Cause for a default is ordinarily established by showing that some type of "external impediment" prevented the petitioner from presenting his claim. Lewis v. Sternes, 390 F.3d 1019, 1026 (7th Cir. 2004). Prejudice is established by showing that the violation of the petitioner's federal rights "worked to his actual and substantial disadvantage, infecting his entire trial with error of constitutional dimensions." Id. Ineffective assistance of counsel can constitute cause to set aside a procedural bar. Smith v. Gaetz, 565 F.3d 346, 352 (7th Cir. 2009). However, a claim of attorney ineffectiveness which is defaulted in state court cannot be the basis for cause, unless the petitioner can establish cause and prejudice for the ineffectiveness claim as well. See Edwards v. Carpenter, 529 U.S. 446, 452-54 (2000).

Here, it would appear that Groling cites ineffective assistance of appellate counsel as cause for his procedural default. However, Groling did not present an ineffective assistance of appellate counsel claim in state court, so he cannot rely on this claim now to establish cause for his default of his federal habeas ineffective assistance of trial counsel claims. Though it is a bit of a "tangled web," because Groling defaulted his ineffective assistance of appellate counsel claim in state court, he was required to show cause and prejudice for this default before the ineffective assistance of appellate counsel claim can constitute cause for his default of his federal habeas petition claims. See Gaetz,565 F.3d at 352. Even if Groling was somehow able to show cause for his default, the court is not convinced that Groling was prejudiced by any of the procedural defaults. Accordingly, as Groling has not established an excusable basis for his procedural default of his ineffective assistance of trial counsel claims, the court is obliged to dismiss these claims.

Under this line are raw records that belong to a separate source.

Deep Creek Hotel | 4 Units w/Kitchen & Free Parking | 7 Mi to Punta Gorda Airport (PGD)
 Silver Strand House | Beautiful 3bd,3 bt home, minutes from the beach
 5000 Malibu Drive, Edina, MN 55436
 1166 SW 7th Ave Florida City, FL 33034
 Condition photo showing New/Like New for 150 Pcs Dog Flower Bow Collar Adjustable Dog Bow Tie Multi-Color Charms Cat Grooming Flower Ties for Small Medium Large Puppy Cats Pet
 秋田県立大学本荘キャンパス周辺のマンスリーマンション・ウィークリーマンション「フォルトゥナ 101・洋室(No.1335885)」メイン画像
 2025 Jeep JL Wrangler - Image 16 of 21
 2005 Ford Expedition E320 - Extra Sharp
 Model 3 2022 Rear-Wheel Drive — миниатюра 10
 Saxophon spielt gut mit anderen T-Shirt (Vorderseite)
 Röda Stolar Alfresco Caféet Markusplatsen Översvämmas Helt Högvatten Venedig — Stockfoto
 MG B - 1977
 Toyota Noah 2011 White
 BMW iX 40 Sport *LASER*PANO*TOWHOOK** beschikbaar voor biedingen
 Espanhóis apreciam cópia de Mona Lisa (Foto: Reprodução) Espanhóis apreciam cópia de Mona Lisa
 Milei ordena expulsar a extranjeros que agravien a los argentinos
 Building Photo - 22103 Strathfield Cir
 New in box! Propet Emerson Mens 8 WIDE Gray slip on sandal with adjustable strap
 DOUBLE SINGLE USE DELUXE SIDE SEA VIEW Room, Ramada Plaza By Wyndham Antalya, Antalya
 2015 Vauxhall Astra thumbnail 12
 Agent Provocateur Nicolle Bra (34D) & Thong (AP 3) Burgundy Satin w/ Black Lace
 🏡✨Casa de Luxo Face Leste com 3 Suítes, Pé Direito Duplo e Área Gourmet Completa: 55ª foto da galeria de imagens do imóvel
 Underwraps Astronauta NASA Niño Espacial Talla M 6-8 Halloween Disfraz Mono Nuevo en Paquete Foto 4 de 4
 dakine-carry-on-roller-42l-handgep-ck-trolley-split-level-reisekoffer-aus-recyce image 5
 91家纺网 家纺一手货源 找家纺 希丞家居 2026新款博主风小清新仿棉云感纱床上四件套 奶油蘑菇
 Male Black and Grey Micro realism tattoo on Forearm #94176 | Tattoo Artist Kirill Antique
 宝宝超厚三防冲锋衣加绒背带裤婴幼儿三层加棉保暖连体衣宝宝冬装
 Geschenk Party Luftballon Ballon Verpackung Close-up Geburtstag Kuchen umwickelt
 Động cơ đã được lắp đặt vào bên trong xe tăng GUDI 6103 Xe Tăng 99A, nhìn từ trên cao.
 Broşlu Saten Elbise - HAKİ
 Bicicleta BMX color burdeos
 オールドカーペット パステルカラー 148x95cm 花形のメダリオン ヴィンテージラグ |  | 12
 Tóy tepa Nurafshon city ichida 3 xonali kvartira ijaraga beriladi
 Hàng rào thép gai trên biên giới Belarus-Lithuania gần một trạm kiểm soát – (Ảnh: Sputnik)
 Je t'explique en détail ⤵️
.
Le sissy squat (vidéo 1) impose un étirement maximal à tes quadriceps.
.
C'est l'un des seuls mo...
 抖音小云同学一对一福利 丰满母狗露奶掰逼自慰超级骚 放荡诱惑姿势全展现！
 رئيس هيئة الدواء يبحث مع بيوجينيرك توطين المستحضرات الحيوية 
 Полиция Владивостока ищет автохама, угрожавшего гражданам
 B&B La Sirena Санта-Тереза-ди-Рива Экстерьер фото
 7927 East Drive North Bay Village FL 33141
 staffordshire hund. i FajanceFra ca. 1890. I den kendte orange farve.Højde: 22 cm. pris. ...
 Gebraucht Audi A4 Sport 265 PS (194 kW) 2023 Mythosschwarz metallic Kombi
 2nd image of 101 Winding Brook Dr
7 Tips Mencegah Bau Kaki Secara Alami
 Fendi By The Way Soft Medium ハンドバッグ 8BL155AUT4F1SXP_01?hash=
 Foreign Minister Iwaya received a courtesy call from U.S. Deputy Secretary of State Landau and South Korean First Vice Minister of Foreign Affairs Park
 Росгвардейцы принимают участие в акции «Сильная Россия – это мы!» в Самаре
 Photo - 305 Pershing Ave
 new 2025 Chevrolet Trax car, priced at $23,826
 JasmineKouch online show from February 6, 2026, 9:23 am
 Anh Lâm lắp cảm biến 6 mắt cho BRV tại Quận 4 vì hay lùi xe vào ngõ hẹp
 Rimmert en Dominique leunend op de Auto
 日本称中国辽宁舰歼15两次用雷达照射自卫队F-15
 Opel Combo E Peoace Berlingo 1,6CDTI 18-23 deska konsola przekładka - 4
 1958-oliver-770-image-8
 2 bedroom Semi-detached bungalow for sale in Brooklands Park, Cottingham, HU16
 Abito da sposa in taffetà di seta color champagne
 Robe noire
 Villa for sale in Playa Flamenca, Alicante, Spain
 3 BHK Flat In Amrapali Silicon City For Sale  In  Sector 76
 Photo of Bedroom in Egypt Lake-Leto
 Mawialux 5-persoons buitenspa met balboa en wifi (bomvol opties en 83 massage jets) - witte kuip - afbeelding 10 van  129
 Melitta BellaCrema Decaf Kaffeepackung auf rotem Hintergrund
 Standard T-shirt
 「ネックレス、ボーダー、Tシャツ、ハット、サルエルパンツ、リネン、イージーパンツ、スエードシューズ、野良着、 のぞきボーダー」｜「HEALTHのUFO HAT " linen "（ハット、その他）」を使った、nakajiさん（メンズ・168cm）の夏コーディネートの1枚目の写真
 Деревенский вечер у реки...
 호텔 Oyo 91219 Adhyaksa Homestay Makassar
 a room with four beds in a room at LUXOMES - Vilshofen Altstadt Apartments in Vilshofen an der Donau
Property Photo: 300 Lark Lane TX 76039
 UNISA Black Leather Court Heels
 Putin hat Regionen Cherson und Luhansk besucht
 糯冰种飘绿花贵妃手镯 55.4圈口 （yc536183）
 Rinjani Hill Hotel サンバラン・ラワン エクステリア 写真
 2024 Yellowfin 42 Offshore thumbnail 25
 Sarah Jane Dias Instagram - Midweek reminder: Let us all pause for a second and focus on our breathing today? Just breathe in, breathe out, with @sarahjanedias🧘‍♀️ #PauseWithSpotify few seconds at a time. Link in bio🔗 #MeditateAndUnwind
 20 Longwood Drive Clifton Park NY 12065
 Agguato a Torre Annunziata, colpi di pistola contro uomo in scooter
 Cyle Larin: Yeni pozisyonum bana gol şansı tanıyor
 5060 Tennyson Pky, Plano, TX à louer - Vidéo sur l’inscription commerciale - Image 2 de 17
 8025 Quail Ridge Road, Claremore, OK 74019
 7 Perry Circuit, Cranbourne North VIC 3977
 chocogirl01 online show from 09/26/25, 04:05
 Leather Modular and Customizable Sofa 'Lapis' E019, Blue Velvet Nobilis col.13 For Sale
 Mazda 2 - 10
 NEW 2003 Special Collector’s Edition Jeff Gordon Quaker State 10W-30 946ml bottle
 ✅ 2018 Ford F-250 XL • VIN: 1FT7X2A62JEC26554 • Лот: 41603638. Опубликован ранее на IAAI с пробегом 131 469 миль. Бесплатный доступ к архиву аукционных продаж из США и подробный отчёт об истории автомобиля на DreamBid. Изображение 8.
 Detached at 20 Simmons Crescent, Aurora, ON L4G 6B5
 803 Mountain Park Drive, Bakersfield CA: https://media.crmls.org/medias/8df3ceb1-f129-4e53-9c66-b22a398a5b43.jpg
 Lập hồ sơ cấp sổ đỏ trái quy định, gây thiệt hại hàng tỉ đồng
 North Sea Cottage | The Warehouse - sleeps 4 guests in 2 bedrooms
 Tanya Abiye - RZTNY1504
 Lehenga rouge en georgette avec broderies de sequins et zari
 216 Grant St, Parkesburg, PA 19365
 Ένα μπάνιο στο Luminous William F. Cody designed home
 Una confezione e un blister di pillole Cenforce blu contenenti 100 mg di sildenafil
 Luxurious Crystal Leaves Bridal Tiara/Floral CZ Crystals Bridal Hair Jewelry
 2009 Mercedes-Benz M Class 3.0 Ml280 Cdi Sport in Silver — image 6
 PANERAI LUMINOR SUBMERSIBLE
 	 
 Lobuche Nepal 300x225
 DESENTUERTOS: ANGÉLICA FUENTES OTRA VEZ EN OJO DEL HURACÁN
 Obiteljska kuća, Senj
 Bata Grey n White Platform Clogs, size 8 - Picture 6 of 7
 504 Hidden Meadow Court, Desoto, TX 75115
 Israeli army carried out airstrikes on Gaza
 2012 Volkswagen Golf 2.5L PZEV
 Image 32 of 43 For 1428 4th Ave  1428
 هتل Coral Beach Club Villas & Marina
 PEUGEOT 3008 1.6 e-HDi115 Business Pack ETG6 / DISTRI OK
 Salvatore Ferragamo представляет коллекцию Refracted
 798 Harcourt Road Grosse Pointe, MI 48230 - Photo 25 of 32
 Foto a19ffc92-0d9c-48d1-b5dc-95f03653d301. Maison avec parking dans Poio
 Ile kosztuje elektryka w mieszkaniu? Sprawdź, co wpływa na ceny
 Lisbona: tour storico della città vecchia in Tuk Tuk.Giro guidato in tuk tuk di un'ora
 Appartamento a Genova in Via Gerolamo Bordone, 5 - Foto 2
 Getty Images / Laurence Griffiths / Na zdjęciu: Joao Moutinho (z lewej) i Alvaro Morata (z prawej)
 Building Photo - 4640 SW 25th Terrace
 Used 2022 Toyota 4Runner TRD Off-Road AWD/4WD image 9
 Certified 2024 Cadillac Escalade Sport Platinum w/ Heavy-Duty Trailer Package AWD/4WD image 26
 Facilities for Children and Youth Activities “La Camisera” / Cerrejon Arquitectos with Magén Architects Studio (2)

3.2 Interests of Justice Claim

Groling's second ground for relief - his interests of justice claim - also fails to provide a basis for federal habeas relief because it rests on state law. In his federal habeas petition, Groling purports to be raising the same interests of justice claim he raised in state court. (Docket #1 at 7-8). However, the only interests of justice claim Groling presented in state court was a state law claim based on Wisconsin's discretionary reversal statutes and Wisconsin cases interpreting those statutes. Indeed, Groling made his focus on state law clear in his petition for review to the Wisconsin Supreme Court, urging the court to "Accept Review to Develop and Clarify Wisconsin Law Concerning a Reviewing Court's Authority to Order a New Trial in the Interests of Justice, and to Reinforce the Independence of a Claim for Discretionary Reversal." (Docket #10, Ex. 6 at 2, 9). He further argued that the issue was worthy of review because it would provide the Wisconsin Supreme Court with "the opportunity to develop and clarify the standard and scope of independent review authorized by the discretionary reversal statute." (Docket #10, Ex. 6 at 4). Founded entirely on state law, this interests of justice claim does not provide any basis for establishing that Groling is in custody "in violation of the laws, treaties, or Constitution of the United States," as is required for federal habeas relief to be granted under § 2254.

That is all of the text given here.